— What the task requires —
From the first line below to the last, reproduce the material exactly and leave out the images.

— Data extract —
----------------
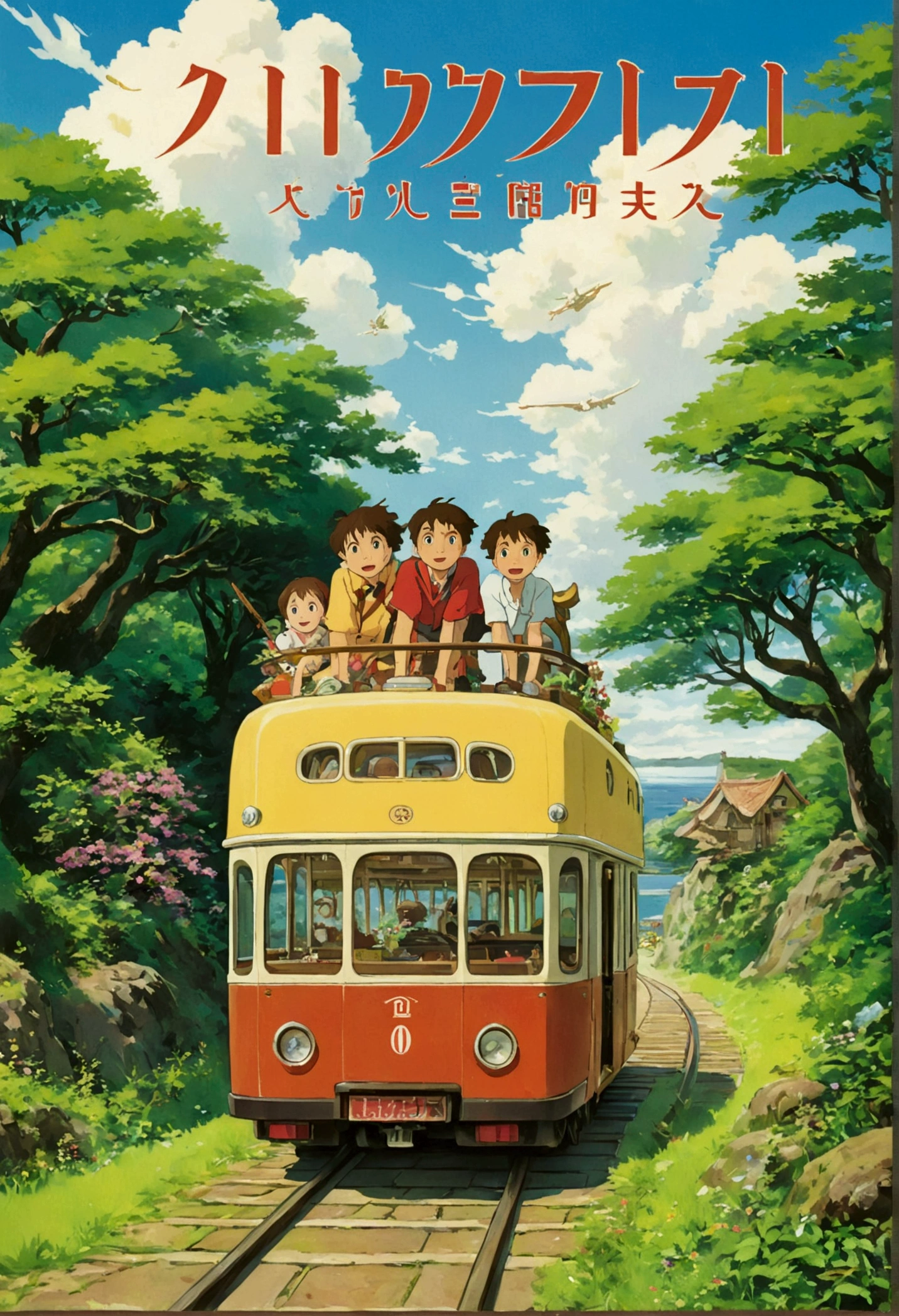 Ghibli reluctant machine calendar Summer vacation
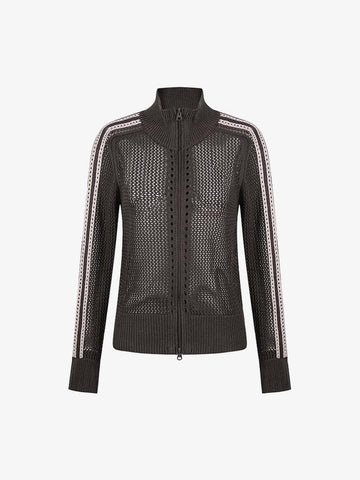 Street-style Openwork Mesh Knit Sweater
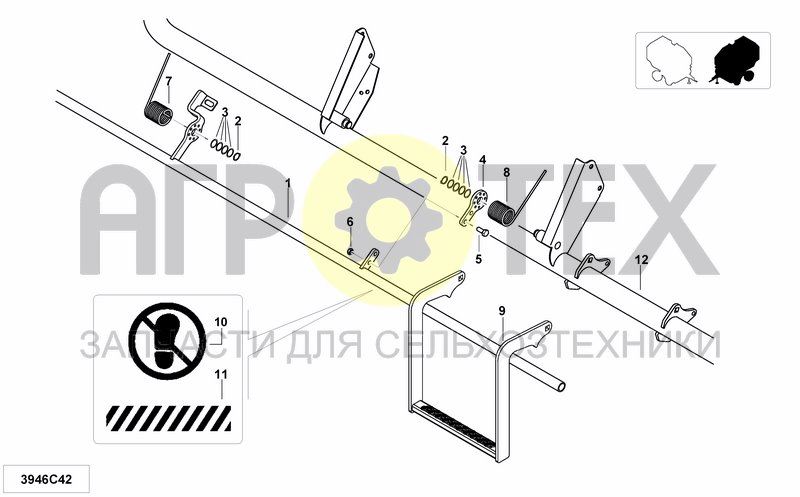 Чертеж SAFETY DEVICE PICKUP L RF3200 SERIES ROTARY FEEDER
----------------
— Result of this exercise —
 Ghibli reluctant machine calendar Summer vacation
 Street-style Openwork Mesh Knit Sweater
 Чертеж SAFETY DEVICE PICKUP L RF3200 SERIES ROTARY FEEDER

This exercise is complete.